Join Date: May 2006
This gap is very probably the result of the gonjo having come loose and then being replaced by somebody who did not understand how to do the job.
There are several ways to fix a gonjo in place, the best is to use a tiny key that is hammered into a keyway that has been cut into the hole in the gonjo.
Another way is to leave a step protruding around the base of the pesi, to fit the gonjo it is put in place and a small punch used to hammer down the step and tighten it.
Another common method of tightening the fit of the gonjo is to make it just a little less than a press fit, heating it, and fitting while still hot, in effect, a heat shrink fit.
Perhaps the most common method with blades of less than premium quality is to make the gonjo a cold press fit and then use a punch to punch around the pesi hole, thus tightening the gonjo.
When a gonjo comes loose, most people who do not understand how keris are put together, and particularly those who want a quick result so they can get on with the business of selling the keris, just put the gonjo in place and tighten it by punching down the metal around the pesi.
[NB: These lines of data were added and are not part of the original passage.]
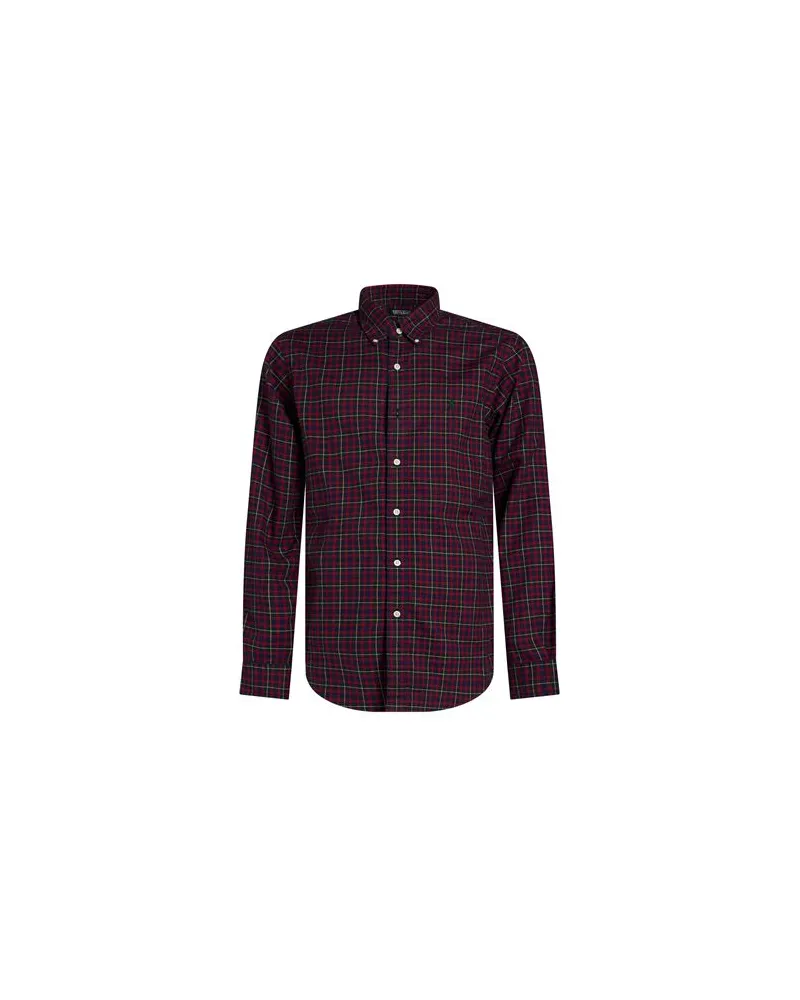 Ralph Lauren TOPS - Hemdenauf YOOX.COM Nachtblau
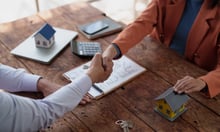 REBAA elects new president amid neutral gearing shift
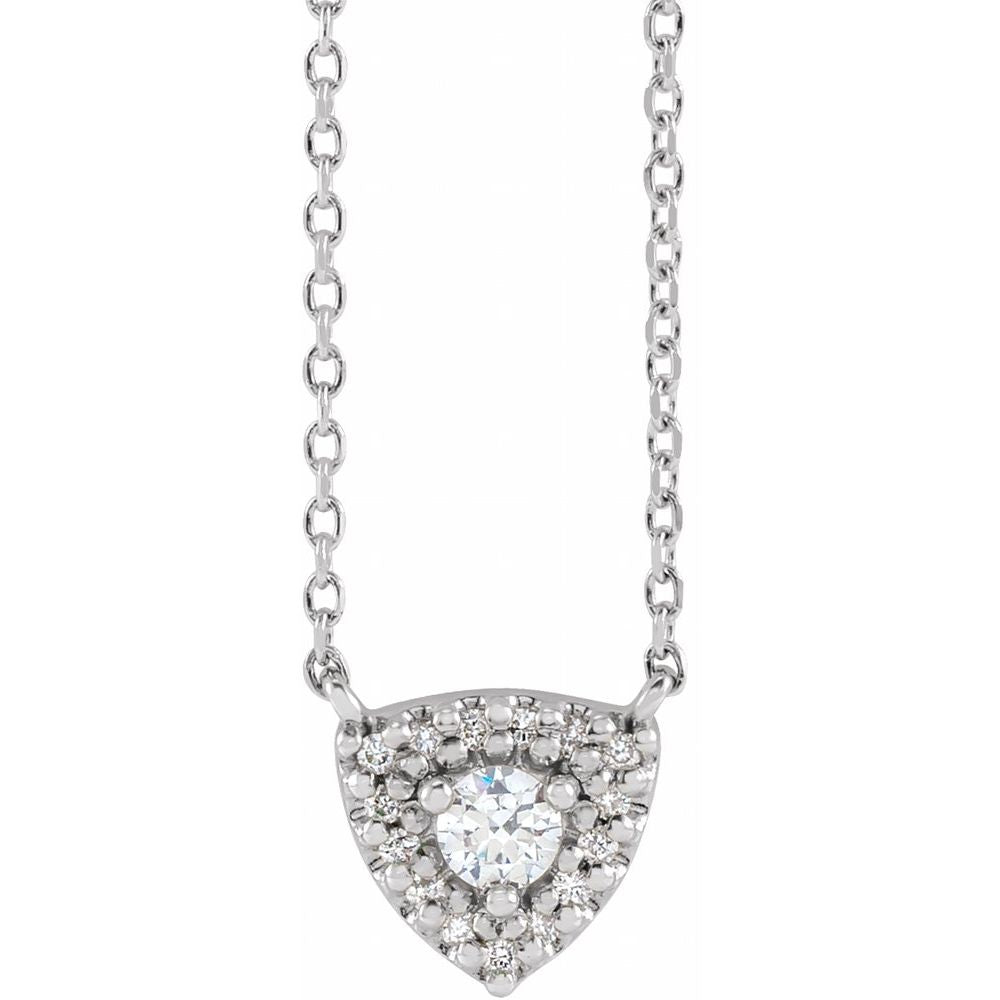 High Quality Luxury Necklaces and Pendants for Women by Ryan Jonathan Fine Jewelry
This has the effect of causing the gonjo to rise away from the neat fit it should have, it will fit close to the wilah and pesi in the middle, and rise at the ends, or sometimes only one end.
The base of most keris blades, including the pesi is usually soft, heat treatment should extend no further than the tip of a sogokan, and often is only the first couple of inches of a blade.
Gavin, the reason for the gap is not societal nor cultural, it is pure ignorance and/or laziness.